Will these nations be held accountable? If they suffer no reprisal for an illegal intervention, it would serve to highlight an alarmingly fragile level of authority held by those international institutions which aim to preserve global peace.
If the United Nations - which states in its own charter that its purpose is to “save succeeding generations from the scourge of war, which twice in our lifetime has brought untold sorrow to mankind” - does not have sufficient power to enforce international law, then how can it also realistically prevent the outbreak of a future war? Decisions are being made - ostensibly on our behalf - by autocratic powers refusing to abide either the democratic process, nor the laws in place to protect human life.
With this intervention, the government has made the British public culpable for whatever further devastation will be wrought upon the Syrian people as a result, and increased the risk for potential repercussions beyond. Speaking on the situation in Syria, the UN secretary general Antonio Guterres warned “the Cold War is back… [there is] escalation, fragmentation and division as far as the eye can see, with profound regional and global ramifications.”
The guileless Donald Trump - who did not get Congressional approval for the US’ involvement - has already made explicit the link between America’s intervention in Syria and a proxy war with Vladimir Putin’s Russia. In this context, the strikes must be seen as an attempt to escalate - either by antagonism or attempted deterrence - precarious tensions between the world’s most powerful countries. Nations who happen to be in possession of huge stockpiles of nuclear weapons, and who all seem more than willing to wield their power undemocratically.
What can we do, as individuals, to prevent autocratic superpowers determined to involve their monstrous apocalyptic ‘deterrents’ in aggressive geopolitical posturing? What can be done if they refuse to abide the will of their own people and the institutions that hold them accountable? How do we opt-out of a senseless nuclear annihilation at the whim of someone acting in the interests of no one?
It seems - and is - glib to conflate the tangible, ongoing threat of violence facing the Syrian people with anxiety over a more hypothetical scenario of total, global destruction but the threat is there. It’s not one we want to think about, nor should we have to. This is crucial.
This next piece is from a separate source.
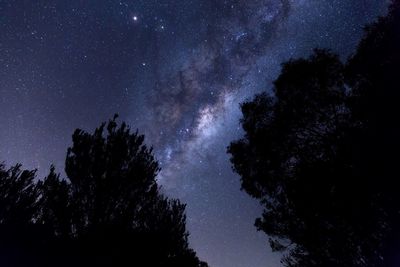 Low angle view of starry sky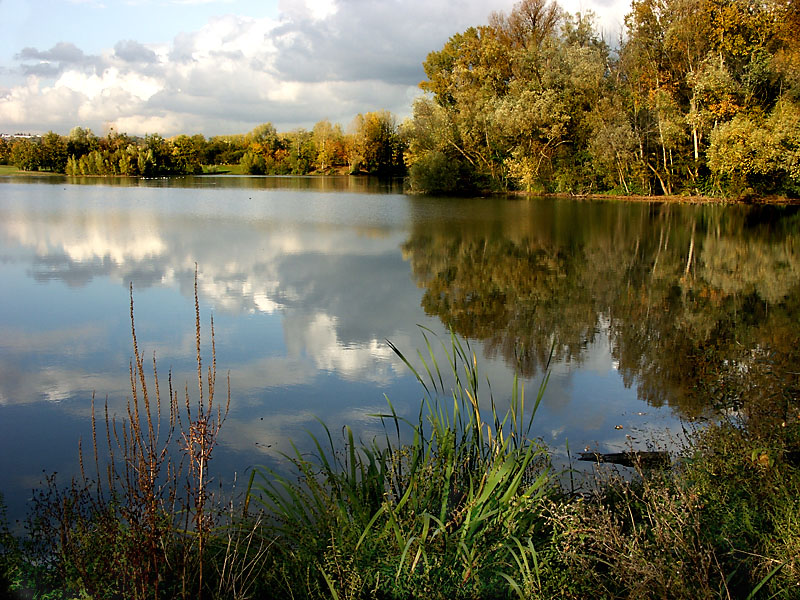etang_de_Cergy.jpg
In a reasonable world, no one would be forced to shuffle between days worrying that their existence might be pointlessly extinguished. Wrestling endlessly with the notion that total oblivion could be but a push of a button away.
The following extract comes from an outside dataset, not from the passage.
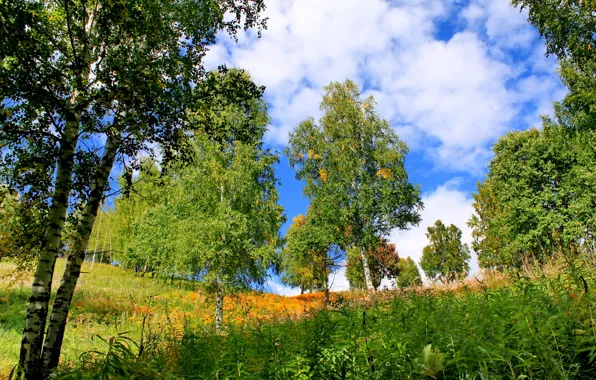 Картинка лето, трава, деревья, природа, фото, березы, Хакасия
Courses of military action should never be allowed to be made in our name, without even so much as a cursory attempt to adhere to democratic process. The power of nation-states - and their rulers - should never be allowed to become consolidated so absolutely that international law can be rendered meaningless. We cannot allow ourselves to become resigned to a potential apocalyptic catastrophe beyond our control.
A powerful few want the global whole to feel incidental in determining all of our futures, that it’s out of our hands and that we just have to learn to live in a state of perennial anxiety, or do our best to ignore it. We don’t have to accept that this is just the way things operate, because it isn’t, nor that there’s nothing we can do, because there is. When power starts disregarding democracy and the laws in place to keep us safe, then the current political structure must be considered broken, and we must urgently strive towards a new one.
We presently have very little power over our fate, and it seems to me like we ought to start demanding it back.